Crawled caption data:
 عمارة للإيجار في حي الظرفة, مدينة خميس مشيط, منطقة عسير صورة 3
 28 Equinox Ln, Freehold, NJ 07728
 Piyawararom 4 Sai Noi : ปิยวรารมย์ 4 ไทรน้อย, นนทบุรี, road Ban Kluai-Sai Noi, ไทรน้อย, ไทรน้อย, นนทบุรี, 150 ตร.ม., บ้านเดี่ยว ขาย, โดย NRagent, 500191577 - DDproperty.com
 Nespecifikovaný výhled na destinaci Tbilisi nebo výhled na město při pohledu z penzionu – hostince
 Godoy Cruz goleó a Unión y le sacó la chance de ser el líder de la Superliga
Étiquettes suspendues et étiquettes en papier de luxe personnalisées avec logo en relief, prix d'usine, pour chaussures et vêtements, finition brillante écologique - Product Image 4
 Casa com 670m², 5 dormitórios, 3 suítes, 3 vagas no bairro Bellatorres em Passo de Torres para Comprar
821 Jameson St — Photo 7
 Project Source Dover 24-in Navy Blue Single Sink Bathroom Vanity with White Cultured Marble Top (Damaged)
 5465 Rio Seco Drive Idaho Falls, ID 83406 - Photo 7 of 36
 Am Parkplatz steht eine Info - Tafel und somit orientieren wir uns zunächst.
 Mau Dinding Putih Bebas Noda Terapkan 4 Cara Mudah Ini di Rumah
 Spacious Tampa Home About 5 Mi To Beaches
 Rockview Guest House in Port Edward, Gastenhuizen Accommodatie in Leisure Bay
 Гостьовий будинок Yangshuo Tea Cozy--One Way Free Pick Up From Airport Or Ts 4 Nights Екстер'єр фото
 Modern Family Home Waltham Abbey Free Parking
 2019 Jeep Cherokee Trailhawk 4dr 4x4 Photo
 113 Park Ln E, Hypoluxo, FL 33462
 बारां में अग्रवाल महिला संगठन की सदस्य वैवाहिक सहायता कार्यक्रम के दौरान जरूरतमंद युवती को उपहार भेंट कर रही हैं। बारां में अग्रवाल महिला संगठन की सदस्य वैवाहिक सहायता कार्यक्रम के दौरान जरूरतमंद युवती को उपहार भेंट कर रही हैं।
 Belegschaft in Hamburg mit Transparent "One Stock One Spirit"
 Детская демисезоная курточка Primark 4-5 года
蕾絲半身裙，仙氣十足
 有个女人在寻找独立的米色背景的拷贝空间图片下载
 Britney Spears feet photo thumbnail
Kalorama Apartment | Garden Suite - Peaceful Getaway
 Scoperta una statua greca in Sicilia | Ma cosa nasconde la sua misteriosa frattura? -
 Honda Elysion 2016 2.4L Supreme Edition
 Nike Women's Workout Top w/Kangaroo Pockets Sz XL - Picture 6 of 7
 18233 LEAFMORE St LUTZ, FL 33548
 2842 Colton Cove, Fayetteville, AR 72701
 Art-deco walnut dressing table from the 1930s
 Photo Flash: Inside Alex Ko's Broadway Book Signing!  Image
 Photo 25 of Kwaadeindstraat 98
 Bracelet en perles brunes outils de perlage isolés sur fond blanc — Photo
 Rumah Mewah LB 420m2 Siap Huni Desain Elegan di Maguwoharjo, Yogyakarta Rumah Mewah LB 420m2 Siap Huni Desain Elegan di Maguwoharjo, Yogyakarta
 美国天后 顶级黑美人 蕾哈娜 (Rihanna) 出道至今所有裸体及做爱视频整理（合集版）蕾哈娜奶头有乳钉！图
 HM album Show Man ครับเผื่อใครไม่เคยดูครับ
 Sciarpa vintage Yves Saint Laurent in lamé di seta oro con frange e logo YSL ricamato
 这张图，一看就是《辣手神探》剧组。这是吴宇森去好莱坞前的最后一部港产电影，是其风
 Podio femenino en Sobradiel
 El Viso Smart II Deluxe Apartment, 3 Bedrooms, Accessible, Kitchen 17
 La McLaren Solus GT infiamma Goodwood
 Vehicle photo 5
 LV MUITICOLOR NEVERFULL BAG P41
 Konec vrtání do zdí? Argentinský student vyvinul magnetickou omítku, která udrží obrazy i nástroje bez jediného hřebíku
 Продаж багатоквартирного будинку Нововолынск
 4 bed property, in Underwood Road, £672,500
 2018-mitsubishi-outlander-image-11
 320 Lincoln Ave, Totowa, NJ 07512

### Problem description
With the first line being the one containing "Photo Flash: Inside" and the last line the one containing "Maguwoharjo, Yogyakarta Rumah", transcribe exactly the lines above that fall in that range.

### Problem solution
 Photo Flash: Inside Alex Ko's Broadway Book Signing!  Image
 Photo 25 of Kwaadeindstraat 98
 Bracelet en perles brunes outils de perlage isolés sur fond blanc — Photo
 Rumah Mewah LB 420m2 Siap Huni Desain Elegan di Maguwoharjo, Yogyakarta Rumah Mewah LB 420m2 Siap Huni Desain Elegan di Maguwoharjo, Yogyakarta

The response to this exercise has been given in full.